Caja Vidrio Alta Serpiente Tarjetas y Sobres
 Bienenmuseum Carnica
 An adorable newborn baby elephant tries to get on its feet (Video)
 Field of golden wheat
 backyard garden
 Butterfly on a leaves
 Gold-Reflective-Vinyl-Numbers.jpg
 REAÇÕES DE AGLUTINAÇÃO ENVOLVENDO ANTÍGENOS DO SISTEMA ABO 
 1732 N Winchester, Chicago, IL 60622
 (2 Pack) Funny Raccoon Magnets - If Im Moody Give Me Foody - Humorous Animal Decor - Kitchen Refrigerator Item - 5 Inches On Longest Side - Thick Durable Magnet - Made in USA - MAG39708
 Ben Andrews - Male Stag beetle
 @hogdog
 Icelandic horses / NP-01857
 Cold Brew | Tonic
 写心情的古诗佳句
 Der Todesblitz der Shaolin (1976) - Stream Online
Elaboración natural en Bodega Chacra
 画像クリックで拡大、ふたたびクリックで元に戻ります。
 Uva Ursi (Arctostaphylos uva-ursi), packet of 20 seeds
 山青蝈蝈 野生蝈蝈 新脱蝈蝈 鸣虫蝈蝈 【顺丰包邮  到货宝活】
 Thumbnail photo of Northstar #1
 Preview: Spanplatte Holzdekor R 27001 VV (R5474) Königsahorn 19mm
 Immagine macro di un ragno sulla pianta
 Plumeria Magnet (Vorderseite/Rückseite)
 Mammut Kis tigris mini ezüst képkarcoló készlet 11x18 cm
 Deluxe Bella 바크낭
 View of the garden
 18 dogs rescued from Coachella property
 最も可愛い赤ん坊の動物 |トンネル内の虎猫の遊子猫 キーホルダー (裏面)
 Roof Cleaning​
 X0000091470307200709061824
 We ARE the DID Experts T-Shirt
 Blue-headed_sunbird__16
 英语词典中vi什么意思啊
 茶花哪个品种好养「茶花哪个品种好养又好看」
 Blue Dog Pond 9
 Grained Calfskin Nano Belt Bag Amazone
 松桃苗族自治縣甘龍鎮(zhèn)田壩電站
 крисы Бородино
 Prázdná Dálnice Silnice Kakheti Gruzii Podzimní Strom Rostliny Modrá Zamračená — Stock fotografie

--

Copying should begin at the line containing "茶花哪个品种好养「茶花哪个品种好养又好看」" and end at the last line of the material, with every line in between reproduced exactly.

> [YOUR SOLUTION]
 茶花哪个品种好养「茶花哪个品种好养又好看」
 Blue Dog Pond 9
 Grained Calfskin Nano Belt Bag Amazone
 松桃苗族自治縣甘龍鎮(zhèn)田壩電站
 крисы Бородино
 Prázdná Dálnice Silnice Kakheti Gruzii Podzimní Strom Rostliny Modrá Zamračená — Stock fotografie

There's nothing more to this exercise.